Re: Oracle Extension Pack vboxweb-service on Fedora 5.3.6-200.fc30.x86_64 blocked by firewall

Posted: 28. Nov 2019, 21:09
by klaus
... the only problem is that this file is actually generated by the installer, so it's not so easy to change.

Long story short, any 6.0.15 test build starting with r135092 should have this fixed. Yes, I know, the current ones are older. Should change in the not too distant future. Worst case Monday.

Re: Oracle Extension Pack vboxweb-service on Fedora 5.3.6-200.fc30.x86_64 blocked by firewall

Posted: 28. Nov 2019, 21:48
by socratis
Found the file, thanks for that!

If that's the case, then I'm going to make a 180º and call this a VirtualBox issue then. So much so, that I'll ask you if you could actually create a new ticket in the Bugtracker.
 Edit:  
After a 5' short talk over IRC with the developers, the fix will show up in the next 5.2.x and 6.0.x maintenance releases, and will be included in 6.1.0 final (hopefully). I'll update the thread with the source code patch when that comes in.

But 'klaus' already posted, while I was holding on with a "Draft post" for confirmation that the patch was in... ;)

Re: Oracle Extension Pack vboxweb-service on Fedora 5.3.6-200.fc30.x86_64 blocked by firewall

Posted: 29. Nov 2019, 12:45
by klaus
Note that the hideously complicated (and not terribly well documented, which is ultimately the much bigger problem) systemd dependency handling is ultimately to blame.

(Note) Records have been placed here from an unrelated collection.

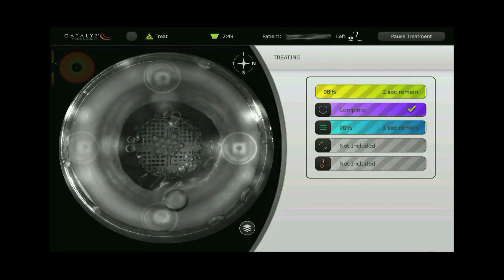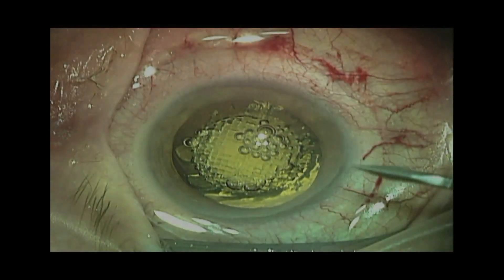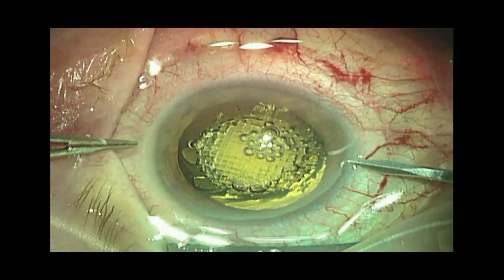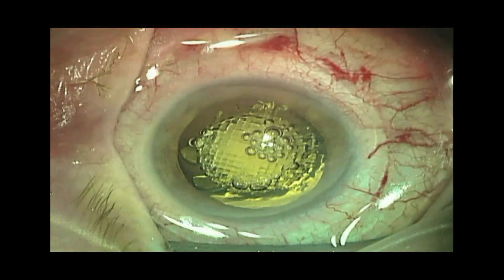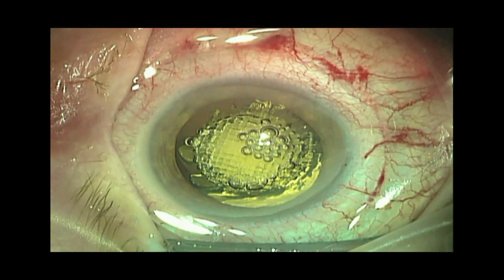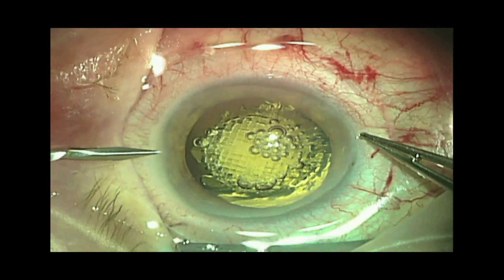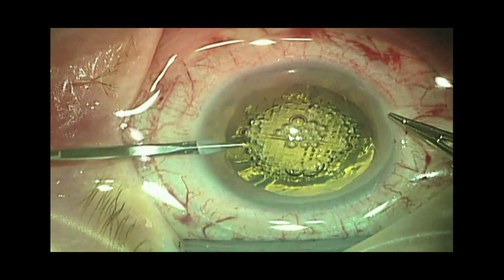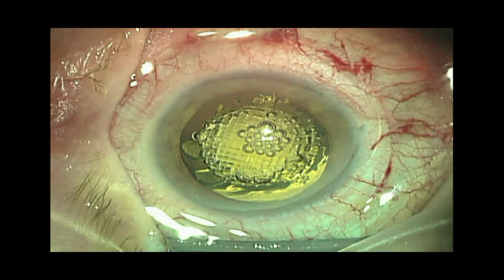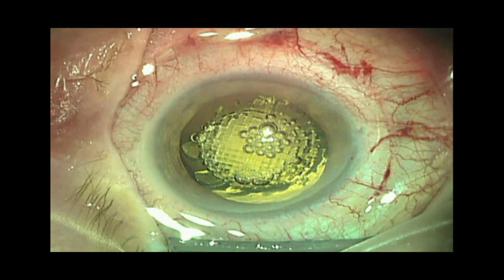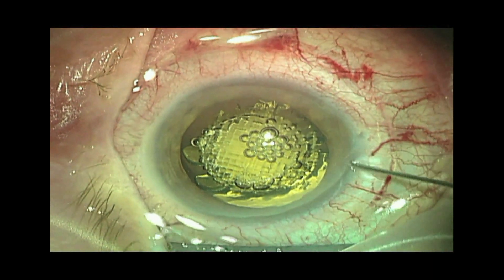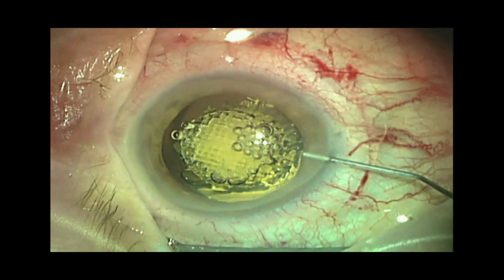The patient is undocked and rotated to the operating microscope. After creation of the paracentesis, the capsulotomy is free floating and the lens is mobile with minimal hydrodissection.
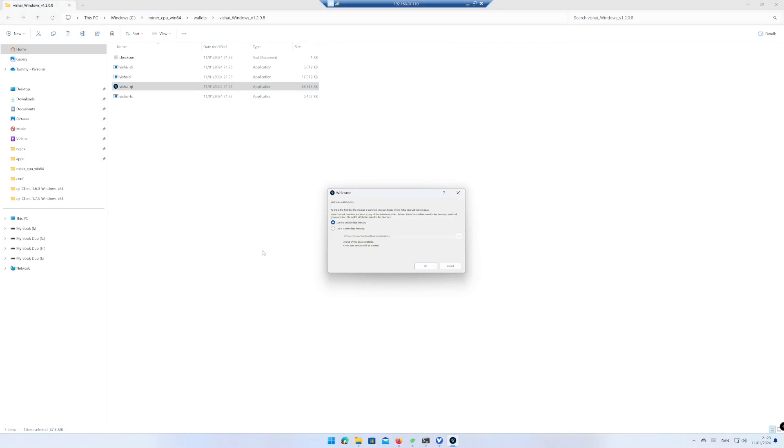The wallet will need a place to store the blockchain. I use the default location. Click on OK.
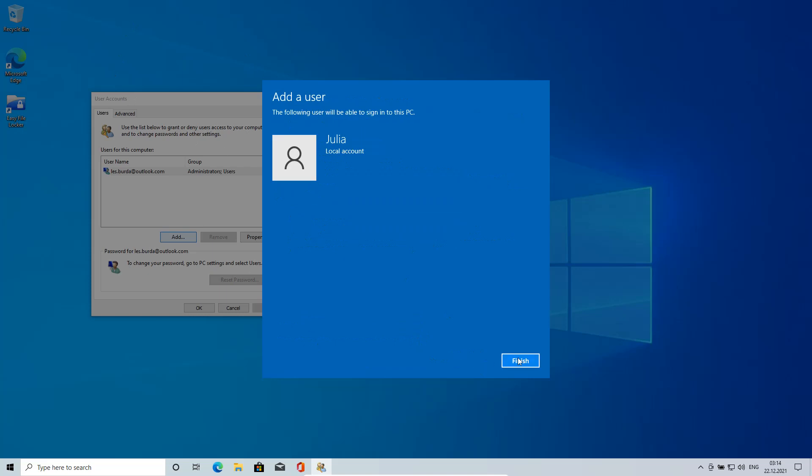And that's all. Julia now has an account without email and without password. Let's check if it works.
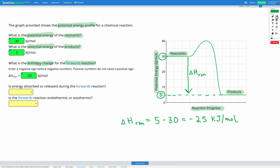Finally, we're asked: is energy absorbed or released during the forwards reaction? We can see our reactants had more energy than our products. That's why our change in enthalpy was negative — we're losing energy, so energy must be released. For a positive delta H, that's energy absorbed; for a negative delta H, that's energy released. And is the forwards reaction endothermic or exothermic? Since we have a negative enthalpy change and energy is released, this is an exothermic reaction.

No one seems to get it "right" even after years.

No wonder, just at the beginning of the week I ran into trouble with sshd.service myself (on RHEL/CentOS/OL 8, so nothing outdated) specifying that it can be run after "network.target". Which means that in typical network setups using DHCP one can't restrict sshd to listen on specific interfaces through the "ListenAddress" config options, because the service is started when the interface has been found, not when it is actually usable (having figured out the IP address). Really a non-improvement over the SysV init stuff (where this worked out of the box) to have to manually hack services files to get the service to work as it should.

The 6.0 test builds with the fix are available in the usual location.